Since I got out of the hospital I started emailing with Courtney (from the newspaper article). The last email I received from her was on Thanksgiving day and she was telling me about a Facebook page that is all about MALS. This page, called MALS Gals, has girls telling their stories about what they went through and how they are doing now. It is pretty interesting and it was comforting to hear the "after" stories of how the girls are doing now that they have been through the surgery and the recovery.

My next step to moving forward in this recovery process is to stay active and out of bed. This goal seems to be pretty hard for me because I get worn out from walking or sitting up for a couple of minutes. I guess we shall see how I do on this next step. Hopefully I will be back at school on Monday.

Wednesday, November 24, 2010

Just Laying Around

I am now back at my home in Lake of the Ozarks. I got back around four yesterday afternoon. I was in a lot of pain yesterday and the ride home was not one of my favorites but I made it home. We had to stop in Jefferson City because I hadn't felt up to eating at all and by the time we reached Jeff City it was three in the afternoon and I had to eat something.

Once home, I sat down in a chair and did not move the whole night. The bed situation was the biggest issue I had because it was definately different than the hospital beds I had been using with the hand rails. It was so much easier with those available. I slept in a bedroom close to my parents, in case I needed help. Then, it just worked out that my mom ended up sleeping in the same bed to help me if I needed it.

My day today is going to consist of laying around, which I can tell you gets old really quickly.

That is all that is new for now. I will post another update later.

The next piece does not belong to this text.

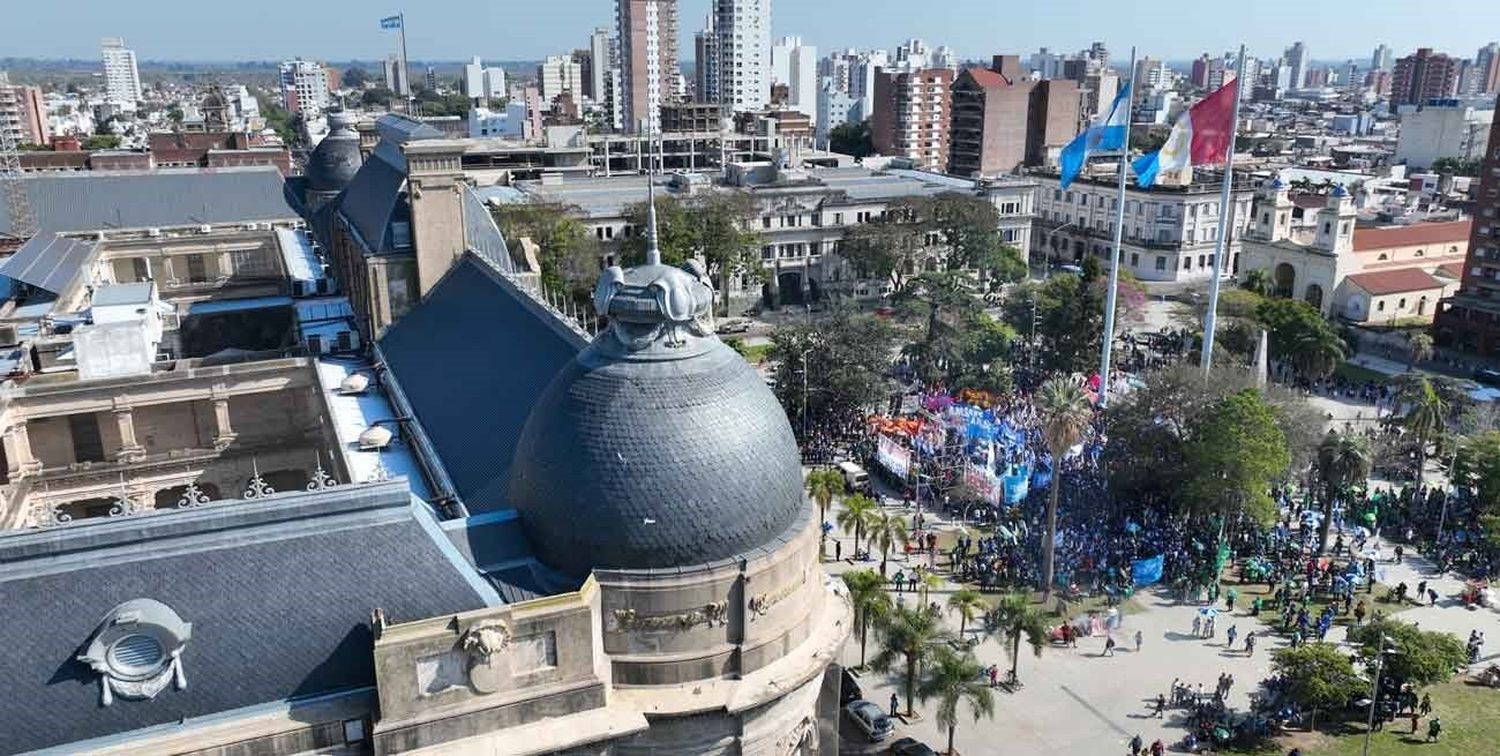 El gobierno provincial descontó días de paro y Amsafe expresó su rechazo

Tuesday, November 23, 2010

Going Home

It is official!!!! I am going home to Lake of the Ozarks TODAY!!!! I will be released from the hospital between ten and twelve this morning. Dr. Thompson said he does not let his patients going through this type of surgery go early, but he is letting me because I am recovering so quickly. I am beyond excited about going home.

Last night was a bad night all around. I kept trying to do what the doctors wanted and still be comfortable, but it was just not working out for me. However, I have been taken off of my IV pain medicine and I am now taking it by mouth. I still have the IV in my arm, but it is capped and not being used unless needed.

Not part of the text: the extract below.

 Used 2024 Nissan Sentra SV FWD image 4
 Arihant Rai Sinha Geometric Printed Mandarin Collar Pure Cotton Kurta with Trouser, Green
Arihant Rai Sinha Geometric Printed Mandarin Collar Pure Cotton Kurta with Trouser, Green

Now, the next step is the three hour drive home from St. Louis and being able to sit up the whole way. But, that all still beats staying in the hospital any longer. I am ready to be home and celebrate Thanksgiving with my family, even though I most likely won't be able to eat anything.

Monday, November 22, 2010

Good News!!!!

This morning I feel pretty good. The doctors came in around six and told me that I am doing well and that my incision looks good too. Originally I was told I would go from clear liquids (jello, broth, popsicles), to full liquids (ice cream, pudding, cream soup), to solid foods. However, I am doing so well, that I can skip the full liquids and go straight to solid foods. That made my day, and it is still early!

Yesterday, I got a bath and changed into my new pajamas that my sister bought me to wear during my stay at the hospital. Then, my cousin, Barb and her three year old daughter, Mia, came and visited me.Mia brought me a stuffed cat and some word search books to keep me busy while I layed around here in the hospital. Today I am expecting my best friend from high school, Ashley, to come visit me. I am ready to see her, this may not be our usual meeting place when we are home on break, but atleast we will still see each other and she will take my mind off of everything. She has a special way of making me laugh, when I do not even think it is possible. My sister and Felipe are also coming to see me today. Anna has been here a couple times but everytime Anna Marie has been here, I have been exhausted and just wanting to sleep. This will be Felipe's first chance to get to come see me, and I am feeling great, so I am glad I will actually get to talk with Anna Marie and Felipe. I seem to be very popular lately, everyone is always wanting to see me. :-)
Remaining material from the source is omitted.